Le pari de la formule
14
e à L'Astuce

* Entrée, plat ou plat, dessert du jour
* Œufs brouillés au foie gras
* Suprême de dinde, coulis de tomates et de basilic
* Nage de mandarine, sorbet raisin-muscat  
20 e à La Grande Rue
* Entrée, plat ou plat, dessert à choisir dans la carte. 25 e pour les 3, à choisir dans le menu de saison
* Tian d'épinards et de tomates au lard croustillant
* Filets de daurade royale grillés, poêlée de légumes au beurre
* Macaron moelleux au café, glace tiramisu  
22 e Au Gourmand
* Entrée, plat ou plat, dessert du jour. 29 e pour les 3 au déjeuner, 33 e au dîner
* Cappuccino de potimarron et sorbet moutarde, dés de gorgonzola
* Filets de merlan de ligne aux écrevisses et poires à l'estragon, grosses frites de céleri
* Crème brûlée de thé vert Matcha, raisins poêlés
Un parcours, des parcours
A La Grande Rue, le chef cuisine depuis 16 ans.
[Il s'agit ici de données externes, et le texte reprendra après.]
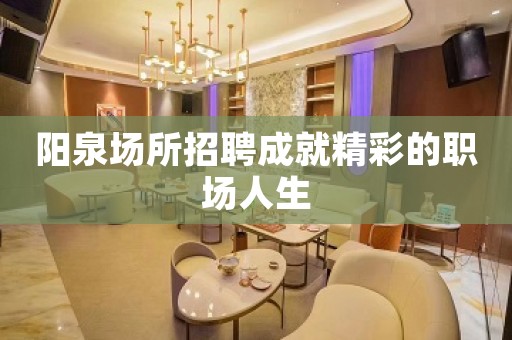 阳泉场所招聘成就精彩的职场人生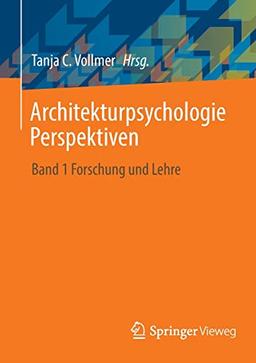 Architekturpsychologie Perspektiven: Band 1 Forschung und Lehre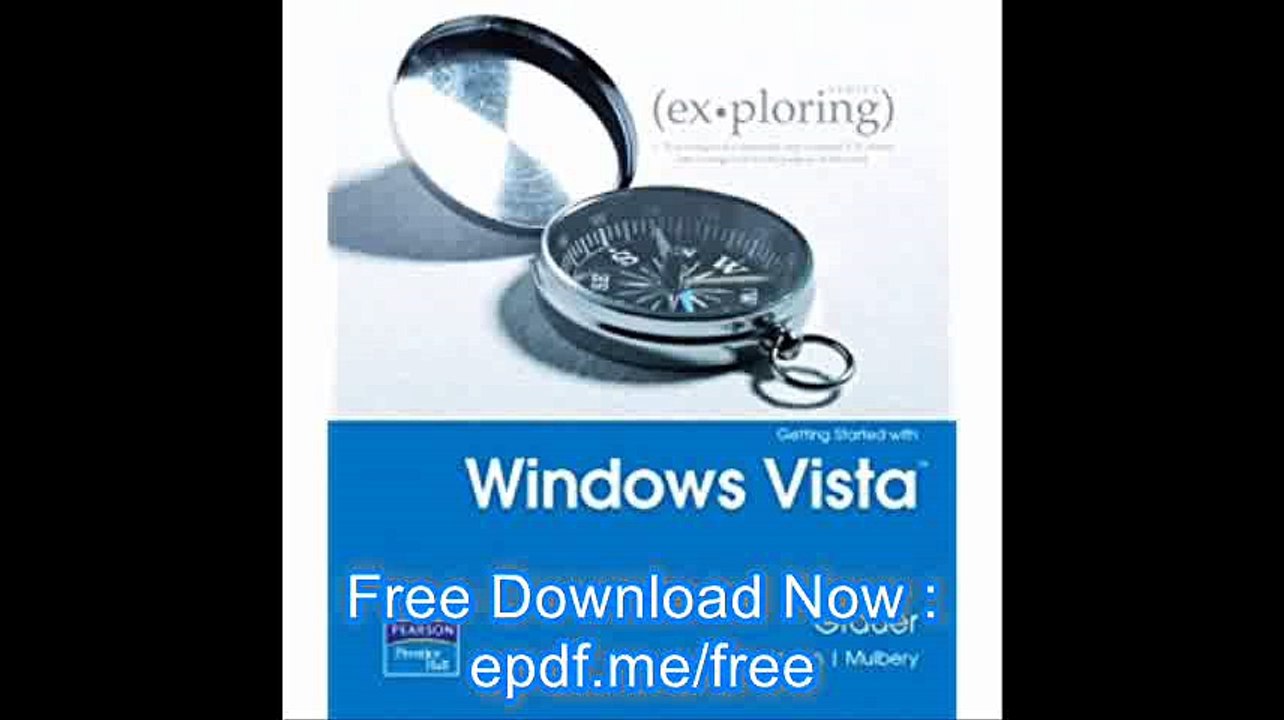 Exploring Microsoft Office 2007 Windows Vista Getting Started Value Pack (includes myitlab 12-month Student Access  & MI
Emmanuel Billaud travaille avec sa compagne Nathalie, 29 ans, qui s'occupe de la salle. Il a fait ses classes chez Robuchon et Jacques Sénéchal. Au Gourmand, Christophe Courgeau est un ex-cadre financier dans le secteur des télécommunications. A 32 ans, il est enfin en cuisine, après une formation accélérée de 7 mois à l'Institut national de formation des adultes de la chambre de commerce de l'Oise d'où il est sorti major de sa promotion. Un stage de gestion spécifique à la restauration a clôturé sa formation professionnelle, ainsi que ses stages au restaurant Canard, l'Arpège, les Ormes, le Café des Délices et la pâtisserie de Christophe Felder au Crillon. En salle, Hervé de Libouton, 38 ans, est intarissable sur sa carte des vins. Cet ex-journaliste a été, pendant 2 ans, rédacteur en chef de La revue vinicole internationale. Aurélie Tourrette et Nicolas Messian, sortis de l'Ecole de Lausanne, forment un couple à la salle et dans la vie. La fille de l'ex-président des Brasseurs de France et le petit-fils d'un directeur du Ritz ont embauché en cuisine Thierry Cannot.